▸ Supplied data:
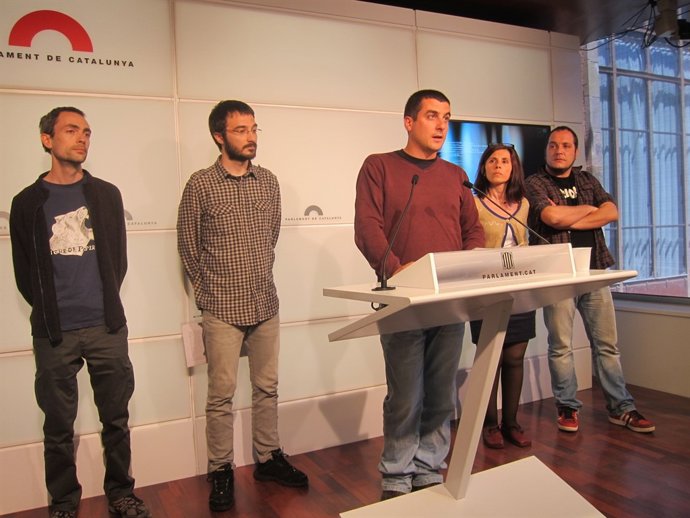 El Diputado De La CUP Quim Arrufat 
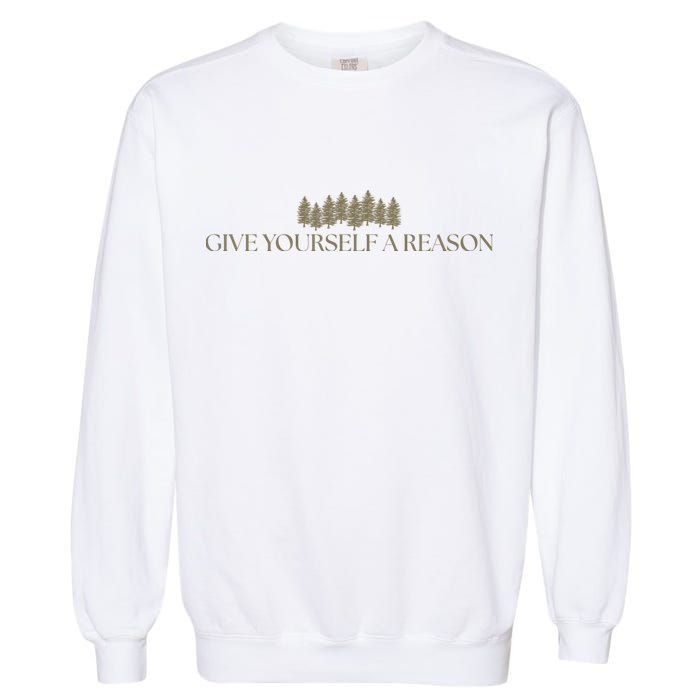 Call Your Mom Give Yourself A Reason No.Ah Ka.Han Country Garment-Dyed Sweatshirt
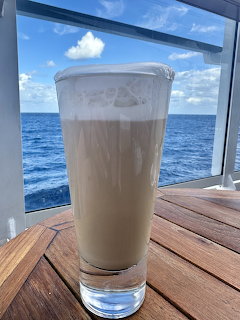 Latte on Cruise Ship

▸ What you should do:
Starting at the line that holds "Call Your Mom" and ending at the last line of the material above, repeat each line exactly, both ends included, and leave the pictures out.

▸ Answer for the task:
 Call Your Mom Give Yourself A Reason No.Ah Ka.Han Country Garment-Dyed Sweatshirt
 Latte on Cruise Ship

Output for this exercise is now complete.